Tennessee Woman Wins Complaint Over Forced Removal of Hijab by Authorities

Sophia Johnston, a devout Muslim who was forced to remove her hijab by Rutherford County, Tennessee law enforcement, has successfully sued the county and its sheriff’s office for infringing on the right to practice her religion without interference.

Tennessee court house
Rutherford County Courthouse in Murfreesboro, Tennessee (Photo by Pollinator/Creative Commons)

The settlement includes damages of $100,000 to Johnston as well as the county’s agreement to revise its booking and jail policies in accordance with the First Amendment and remove all booking photos and video footage that show Johnston without her head covering.

According to the lawsuit filed in November, police detained Johnston for a minor misdemeanor—since dismissed—then told her that if she failed to remove her hijab for the booking photo, she would “remain in jail” until she had done so.

“This is a historic win for Ms. Johnston and her entire religious community.” 

Requiring an observant Muslim woman to remove her hijab in front of men who are not family members is “humiliating and degrading—akin to requiring a woman to take off her shirt in public,” according to court documents.

Johnston, a mother of eight, “could not afford to be incarcerated indefinitely,” and so “relented under strenuous protest,” the lawsuit argued.

Of the incident, Johnston said, “I just remember feeling alone… I just felt like my rights were being violated in the worst way.”
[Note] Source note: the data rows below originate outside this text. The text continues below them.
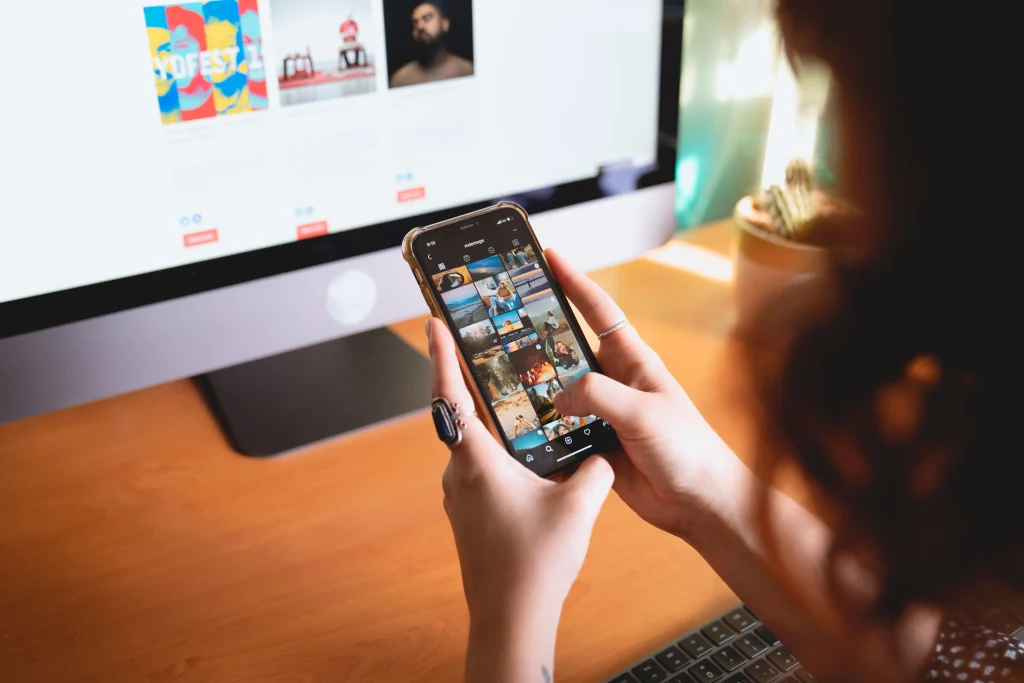 Social media manager parcourant des images sur un smartphone tout en étant assise à un bureau avec un écran d'ordinateur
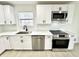 A kitchen features white cabinets, quartz countertops, and stainless steel appliances at 10200 Cheswick Ln, Fishers, IN 46037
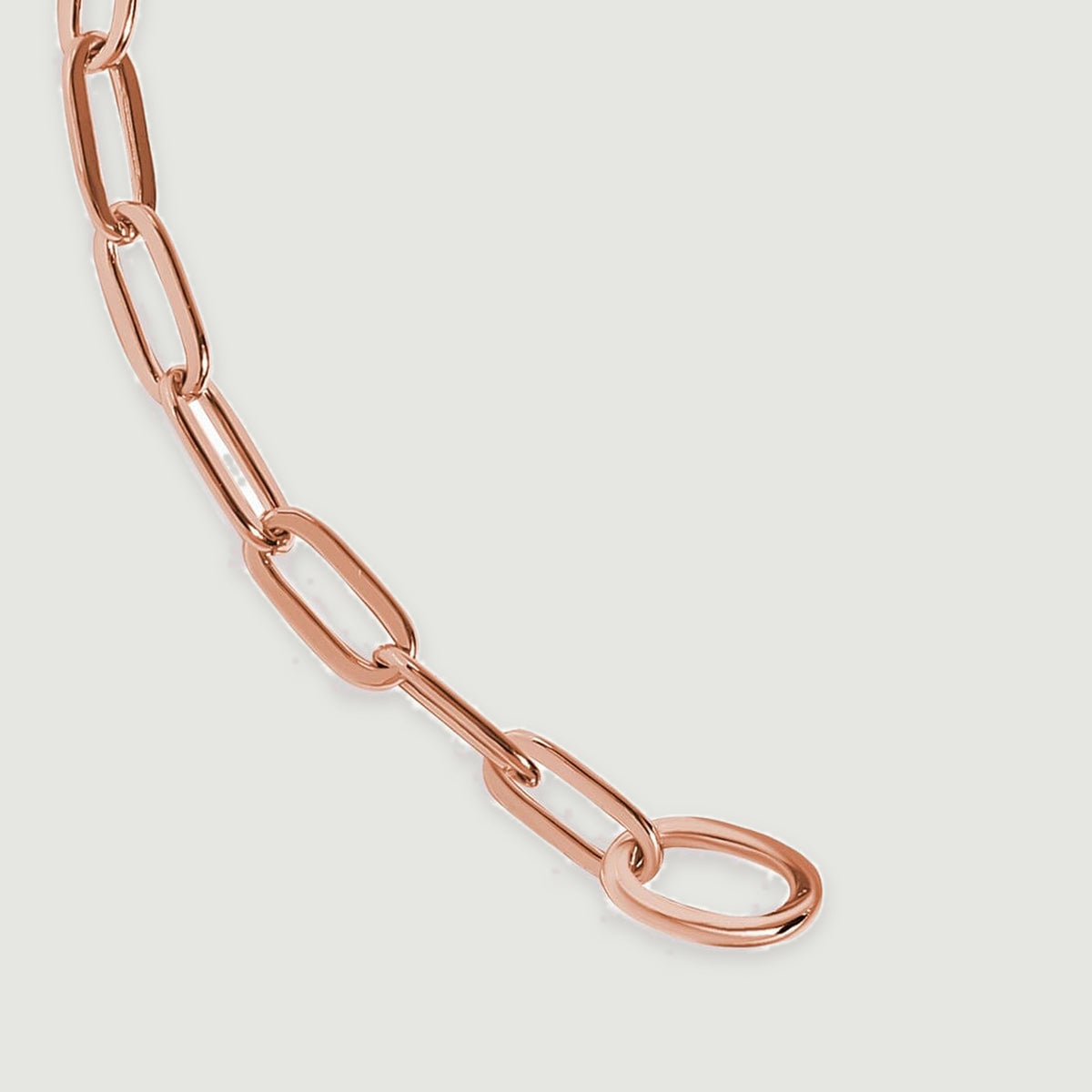 An oval end loop joins the final elongated links of the rose gold bracelet.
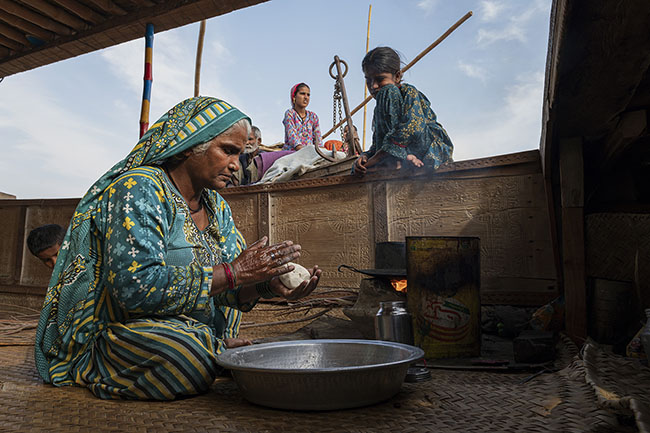 In the hold, Asna prepares the chapati dough. These flatbreads made from flour and water, cooked over a wood fire on a cast-iron plate, are the staple food of the Mohana people.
Thanks to Johnston’s settlement, no one else will endure what she did. Under the revised booking policy, “arrestees and citation recipients are not required to remove religious head coverings for booking photos as long as the view of the face and profile are not obstructed by religious attire.”

Under the new detention and jailing protocols, persons “wearing religious head coverings must remove the covering and allow the head to be searched,” but the search should “be conducted outside the presence of members of the opposite sex.”

“This is a historic win for Ms. Johnston and her entire religious community,” said Daniel Horwitz, Johnston’s lawyer. “Citizens have the right to practice their religion without unreasonable governmental interference, and we are proud to have vindicated Ms. Johnston’s rights and secured permanent policy changes that will prevent violations like this from recurring. Every government agency in Tennessee should take notice.”

“I’m extremely grateful,” Johnston said of the settlement. “It feels like I’m not just a voice just for myself, [but] a voice to all religions to let them know that it’s okay to practice religion, to stand up for your rights and hopefully empower others to do the same.”